[Input material Boundary: Start]

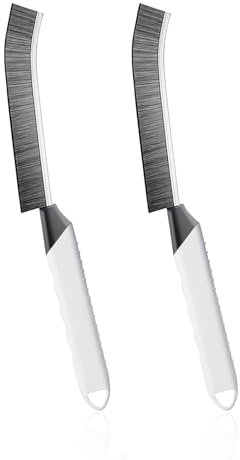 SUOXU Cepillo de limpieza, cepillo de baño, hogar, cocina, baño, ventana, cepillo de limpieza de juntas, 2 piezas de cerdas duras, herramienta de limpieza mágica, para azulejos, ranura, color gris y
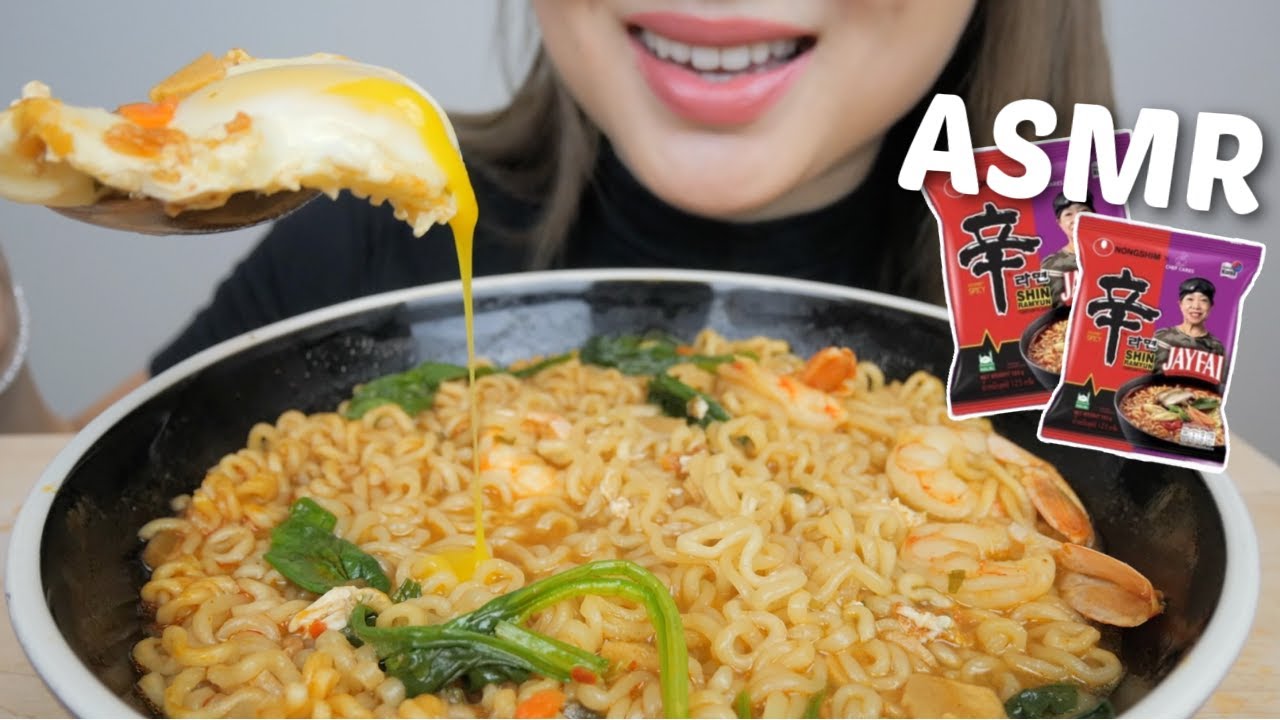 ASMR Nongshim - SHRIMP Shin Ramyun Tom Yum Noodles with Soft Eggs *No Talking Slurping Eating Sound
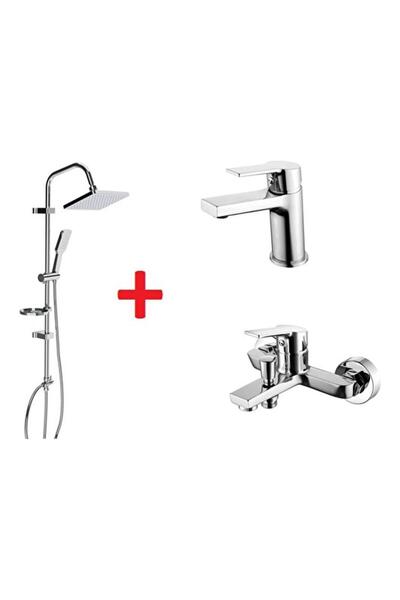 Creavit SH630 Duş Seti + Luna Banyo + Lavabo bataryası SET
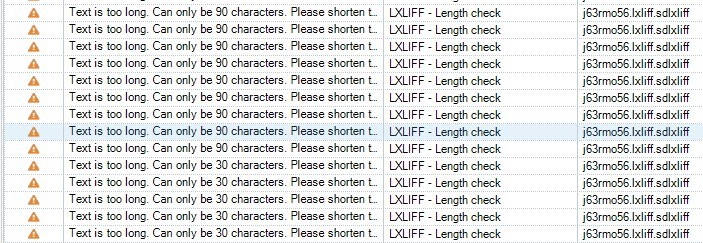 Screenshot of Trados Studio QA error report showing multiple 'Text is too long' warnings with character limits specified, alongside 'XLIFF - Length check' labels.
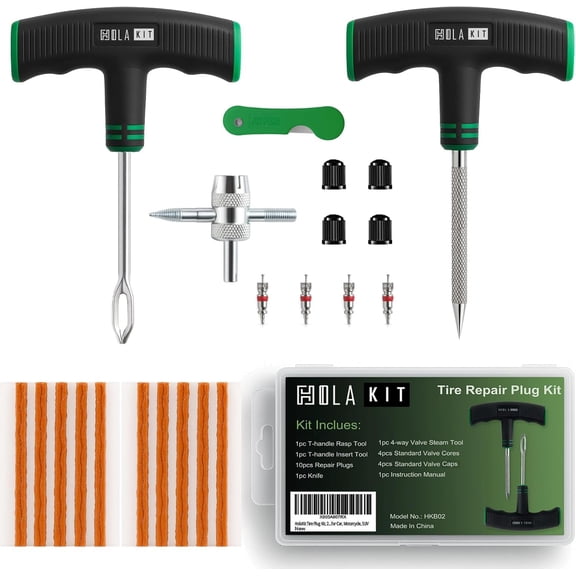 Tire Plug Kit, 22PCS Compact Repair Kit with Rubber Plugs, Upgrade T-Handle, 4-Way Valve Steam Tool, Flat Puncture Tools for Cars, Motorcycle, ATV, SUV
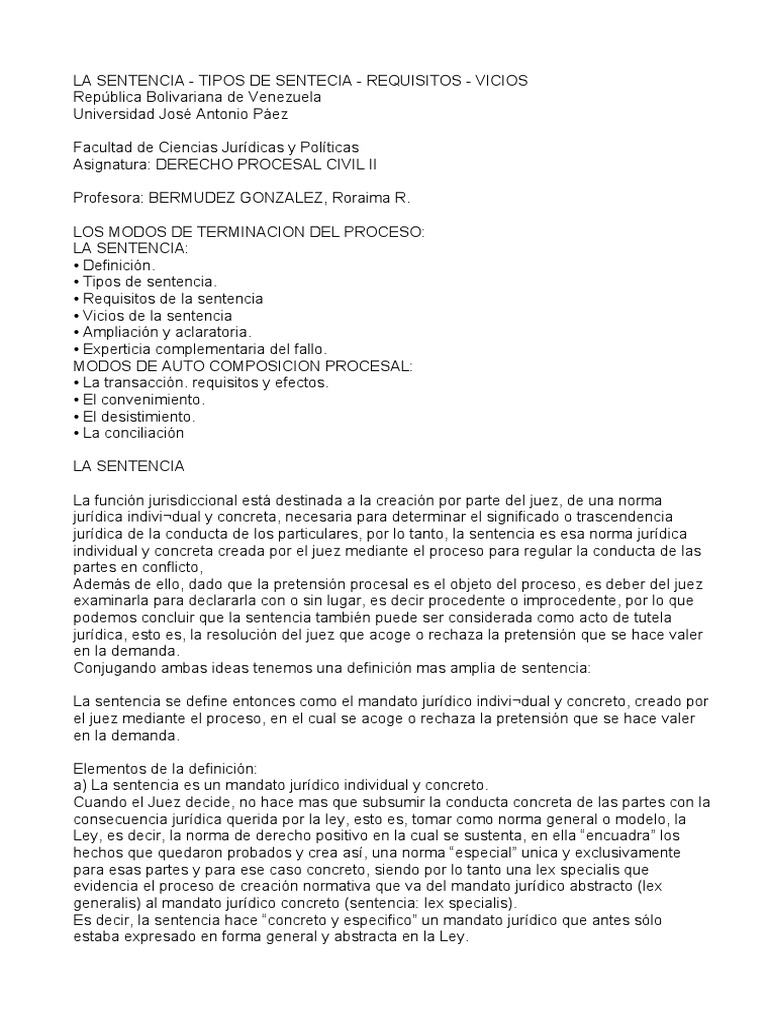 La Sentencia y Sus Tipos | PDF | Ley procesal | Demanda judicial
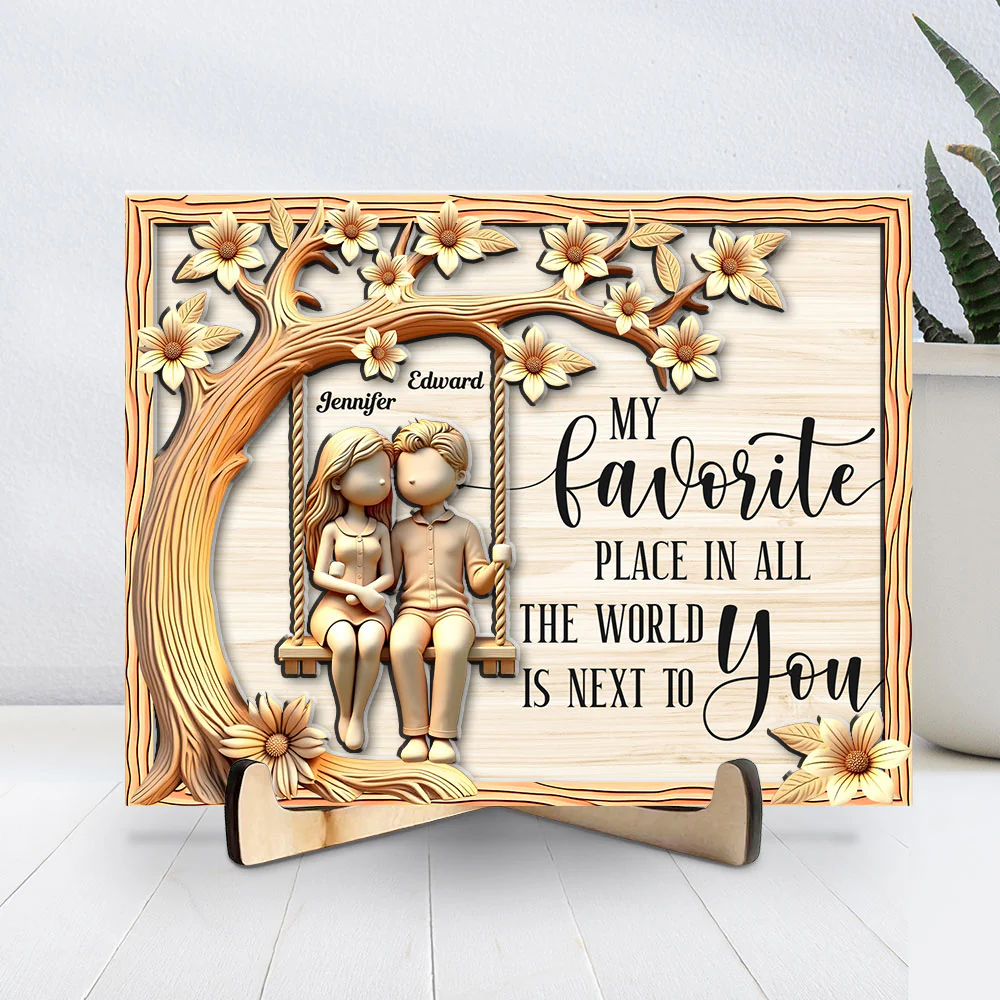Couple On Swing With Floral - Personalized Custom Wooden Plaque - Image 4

[Input material Boundary: End]
[Input material Boundary: Start]

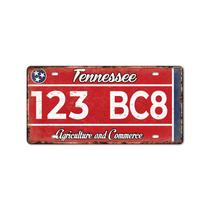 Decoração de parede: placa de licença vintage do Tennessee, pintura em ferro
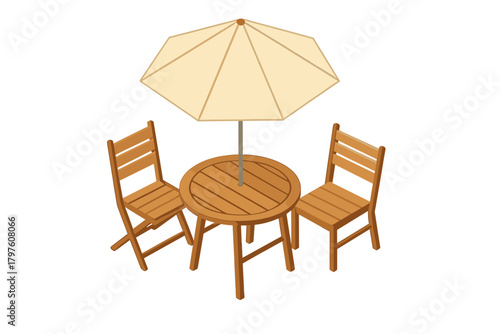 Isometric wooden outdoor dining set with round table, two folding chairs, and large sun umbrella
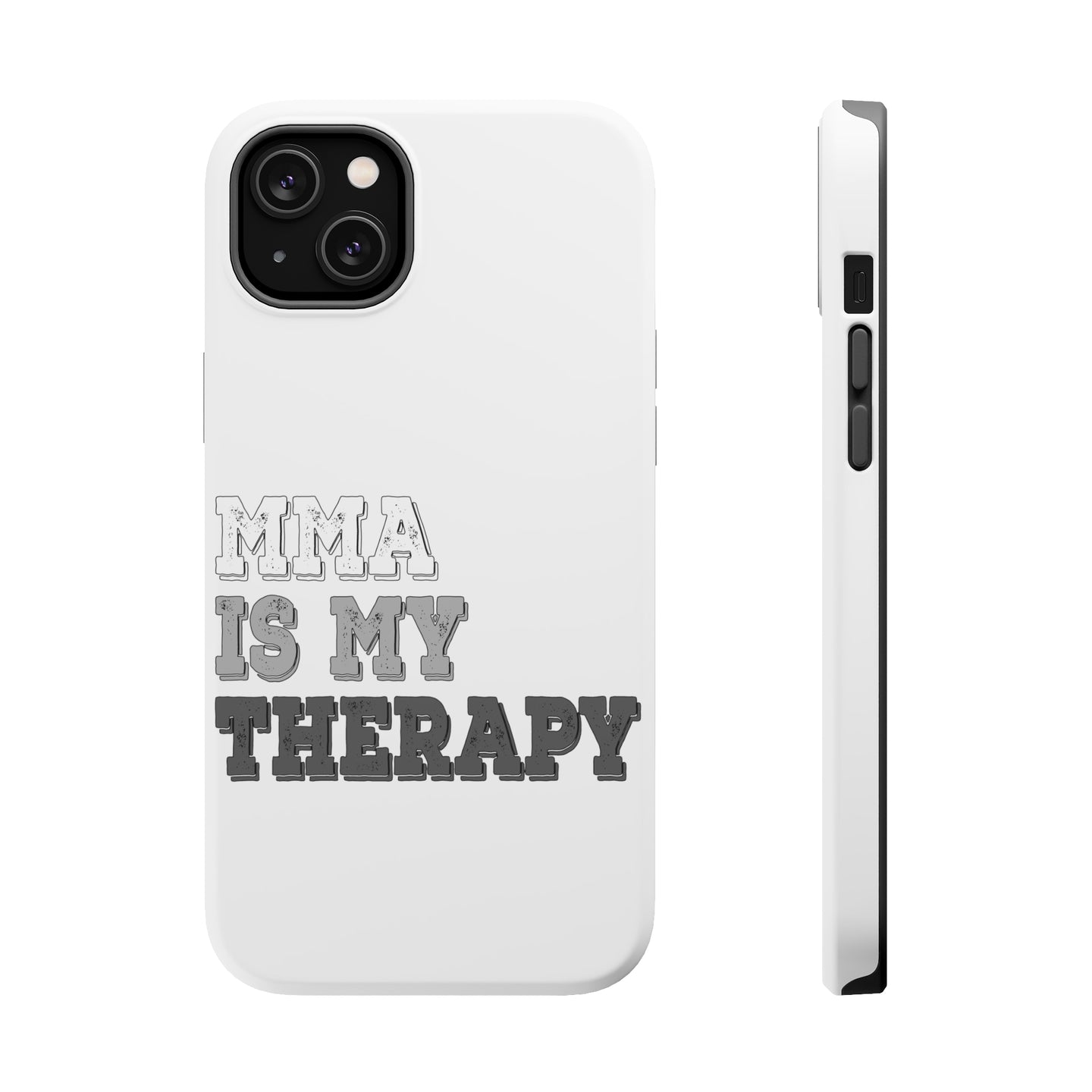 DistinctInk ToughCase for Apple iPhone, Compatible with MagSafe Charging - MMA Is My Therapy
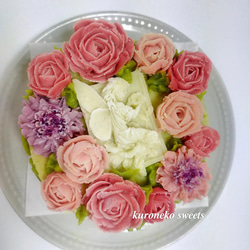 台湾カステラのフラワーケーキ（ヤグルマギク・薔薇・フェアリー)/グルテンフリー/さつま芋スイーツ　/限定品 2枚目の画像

[Input material Boundary: End]

#### [Task brief]
The lines to set down run from the line with "SUOXU Cepillo de" up to and including the line with "Couple On Swing" in the entries above. Reproduce them exactly, with no pictures.

#### [Result below]
 SUOXU Cepillo de limpieza, cepillo de baño, hogar, cocina, baño, ventana, cepillo de limpieza de juntas, 2 piezas de cerdas duras, herramienta de limpieza mágica, para azulejos, ranura, color gris y
 ASMR Nongshim - SHRIMP Shin Ramyun Tom Yum Noodles with Soft Eggs *No Talking Slurping Eating Sound
 Creavit SH630 Duş Seti + Luna Banyo + Lavabo bataryası SET
 Screenshot of Trados Studio QA error report showing multiple 'Text is too long' warnings with character limits specified, alongside 'XLIFF - Length check' labels.
 Tire Plug Kit, 22PCS Compact Repair Kit with Rubber Plugs, Upgrade T-Handle, 4-Way Valve Steam Tool, Flat Puncture Tools for Cars, Motorcycle, ATV, SUV
 La Sentencia y Sus Tipos | PDF | Ley procesal | Demanda judicial
Couple On Swing With Floral - Personalized Custom Wooden Plaque - Image 4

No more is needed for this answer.